L’accordo dovrebbe mettere la parola fine su una lunga disputa su circa 860 chilometri quadrati del Mar Mediterraneo, che copre i giacimenti di gas di Karish e Qana. Il primo si trova, come deciso nell’accordo, in acque israeliane; il secondo in quelle libanesi. Con l’accordo, Israele potrà sfruttare il suo giacimento e prenderà delle royalties dallo sfruttamento di quello libanese. Grazie a questo, entrambi i paesi potranno risollevare una situazione economica che, se per il Libano è disastrosa, per Israele è sicuramente migliore.
Il futuro di Israele come potenza energetica
L’accordo imporrà Tel Aviv come potenza energetica: Karish, infatti, è solo l’ultimo di una serie di giacimenti di gas nei quali Israele sta lavorando. Si stima che il solo giacimento Leviathan, scoperto 130 chilometri a ovest della città portuale di Haifa nel 2010, contenga 535 miliardi di metri cubi di gas naturale. Il Leviathan è il secondo più grande giacimento di gas nel mar Mediterraneo, dopo la scoperta nell’agosto 2015 del giacimento di Zohr al largo delle coste dell’Egitto. Nei primi anni 2000 gli israeliani scoprirono anche il bacino, più piccolo, Tamar, entrato in funzione nel 2013.
Seppur le esplorazioni e lo sfruttamento dei giacimenti oggetto dell’accordo saranno immediati, ci vorranno anni perché questi aiutino sia i due paesi, sia l’Europa ad affrancarsi dalla dipendenza del gas russo.
Israele, insieme a Cipro e Grecia, sta costruendo il gasdotto mediterraneo EastMed, che dovrebbe connettere i giacimenti mediterranei – in particolare Leviathan e il cipriota Aphrodite – con l’Europa, per un terzo in terra e il resto in mare. Non a caso, l’Unione europea ha dichiarato strategico e di interesse comune il progetto in costruzione, finanziandolo con oltre 36 milioni di euro.
L’Italia si è dapprima ritirata e poi successivamente ha accettato il progetto EastMed, che ha un costo stimato di 6 miliardi di euro e si estenderà per quasi 2000 chilometri, ad una profondità di tre chilometri, pompando 10 miliardi di metri cubi di gas all’anno. L’italiana Edison è socia al 50% nel consorzio IG Poseidon (con la greca Depa) che sta realizzando il progetto, mentre tra le società che gestiranno il gasdotto figura l’Eni.

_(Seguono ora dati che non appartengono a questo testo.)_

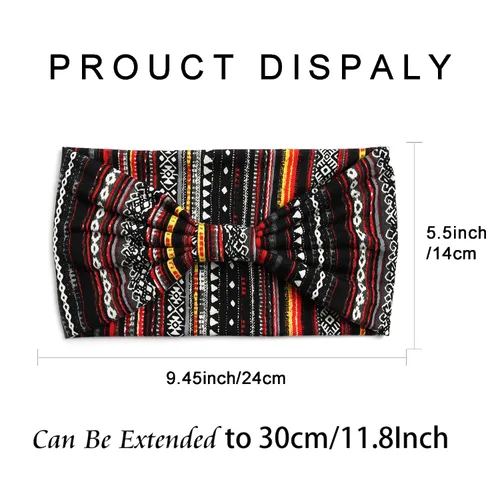 Miniatura 2 de Diademas bohemias para mujer, bandas anchas elásticas para el cabello, bandas para la cabeza anudadas, bandas para la cabeza turbante para yoga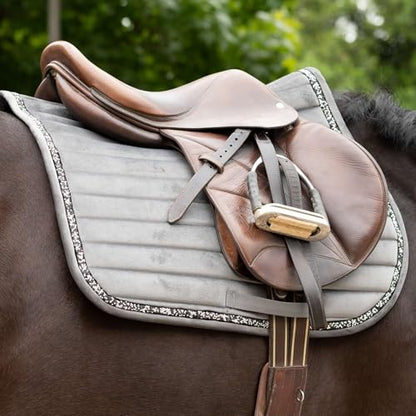 Equinavia Arendal Matching English Riding Horse Set | All Purpose Saddle Pad, Brushing Boots, and Ear Bonnet - color: Grey/Silver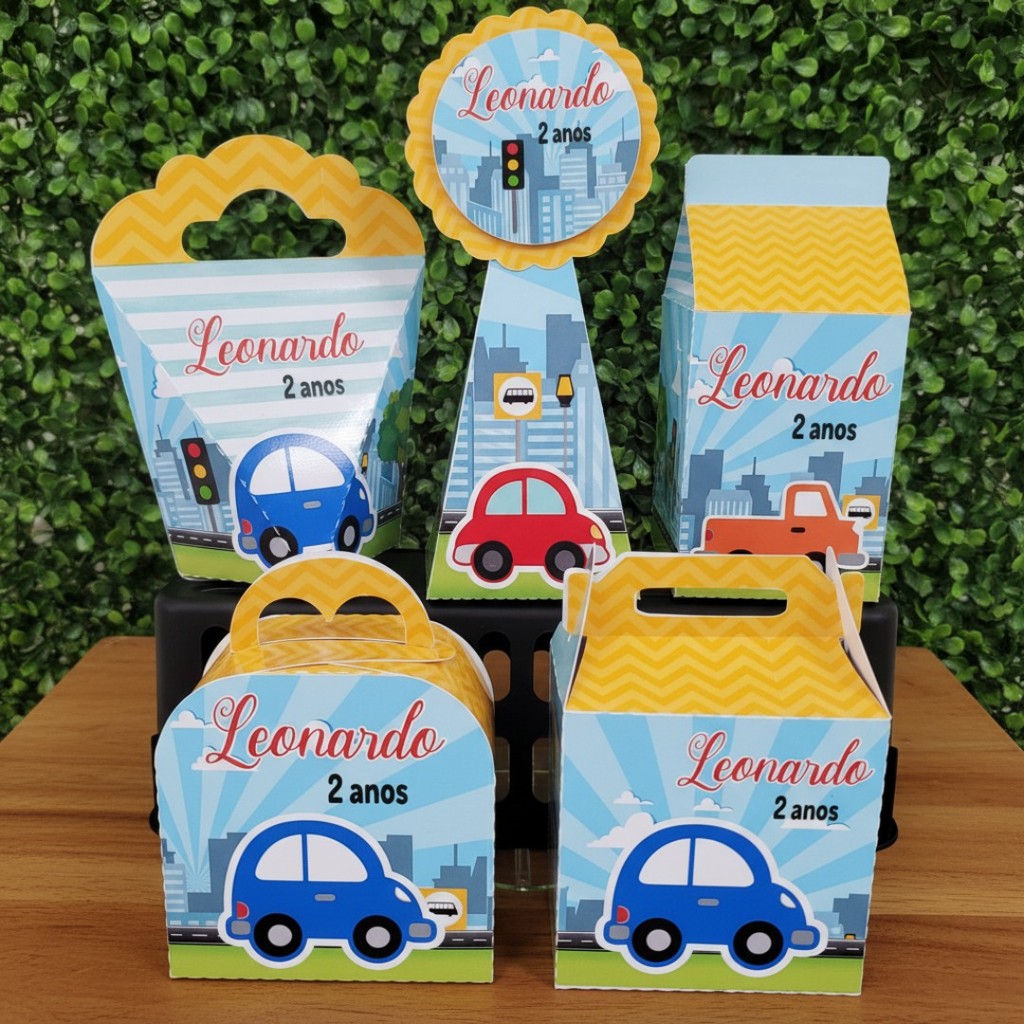 Kit Carrinhos Transporte Lembrancinhas e Caixinhas Personalizadas para Festa Infantil Decoração de Mesa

Alternative più rapide a EastMed sono il trasporto da Israele all’Egitto da dove, dopo la liquefazione, il gas israeliano viene spedito in Europa, come avviene tutt’ora. E poi l’interconnettore EuroAsia, un cavo sottomarino che muoverà l’elettricità generata in Israele (dal gas o dalle fonti rinnovabili) verso Cipro e la Grecia.